Reputation: 57
Using regular expressions with Python, attempting to parse through the data below.
The Data thing1 =
<a class="screener-link-primary" href="quote.ashx?t=IDXG&ty=c&p=d&b=1">IDXG</a>,
<a class="screener-link-primary" href="quote.ashx?t=INVN&ty=c&p=d&b=1">INVN</a>,
<a class="screener-link-primary" href="quote.ashx?t=SWC&ty=c&p=d&b=1">SWC</a>,
<a class="screener-link-primary" href="quote.ashx?t=NE&ty=c&p=d&b=1">NE</a>,
The regular expression
pattern = "[A-Z][A-Z]{1,5}(?![A-Z])"
match = re.findall(pattern,thing1)
print(match)
The result I get is the two occurrences in every line.
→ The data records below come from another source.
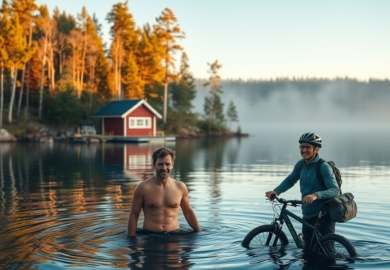Lelangenleden La Ruta de Cicloturismo en Suecia Occidental que Despierta los Sentidos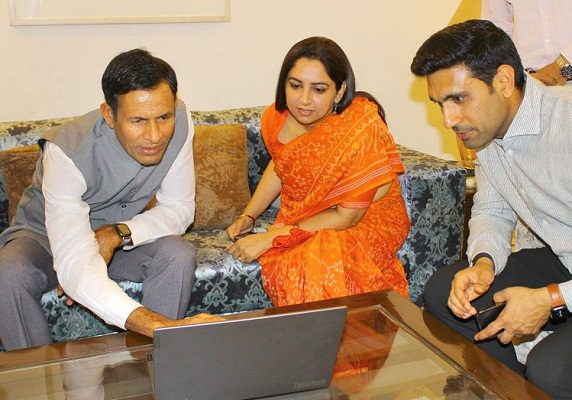 Chandigarh Chief Secretary H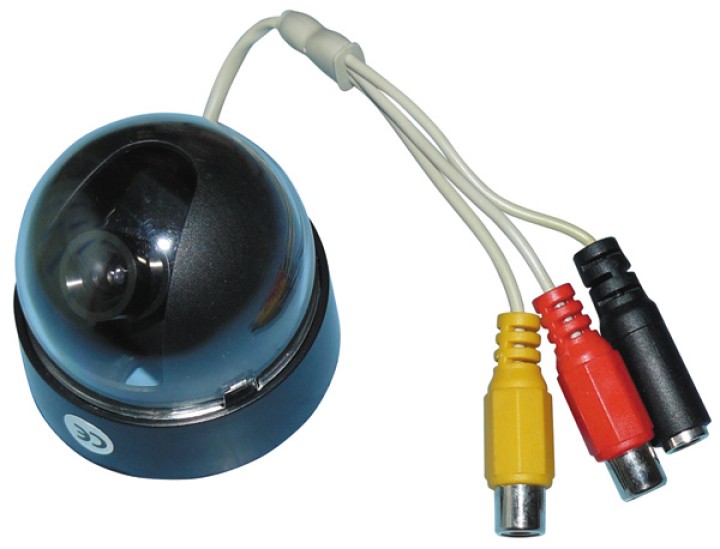 Farbkamera 12v dome objektiv videouberwachung videokamera videokameras farbkamera jr international - 1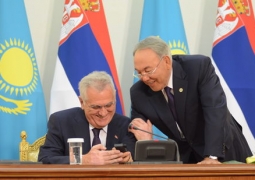 Сербия окажет полную поддержку Казахстану на выборах непостоянного члена СБ ООН - Томислав Николич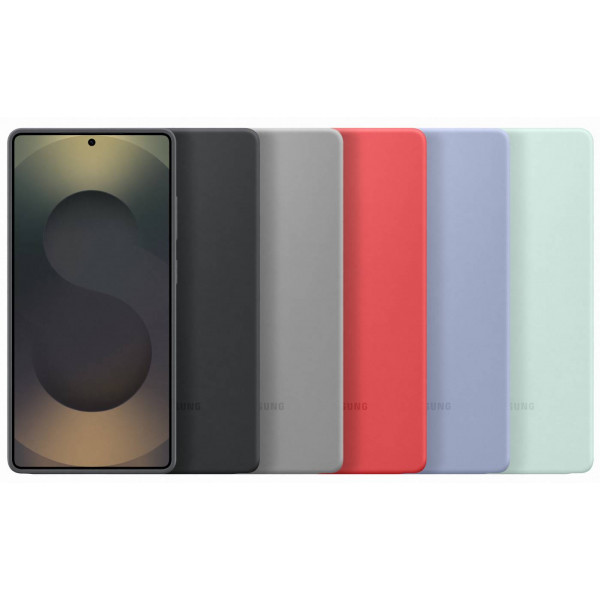 Фото - Чехол для смартфона Samsung Silicone Case S25 Ultra Gray (EF-PS938CJEGWW)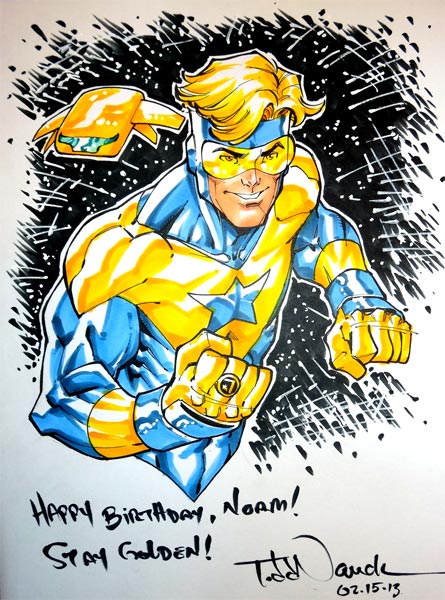 Happy Birthday, Norm! Stay Golden! Todd Nauck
['IDXG', 'IDXG', 'INVN', 'INVN', 'SWC', 'SWC', 'NE', 'NE']
The result I want is only the first occurrence that matches the pattern in each line.
['IDXG', 'INVN', 'SWC', 'NE']
I know that if I remove the global tag, it stops after one match.
And if I do each line separately, it'll give me the first match.
Is there an elegant way to get the first occurrence of each line in Python?
Upvotes: 2
Views: 219
Reputation: 774
try this regex:
pattern = "([A-Z][A-Z]{1,5}(?!\&)).*\n"
match = re.findall(pattern,thing1)
Upvotes: 0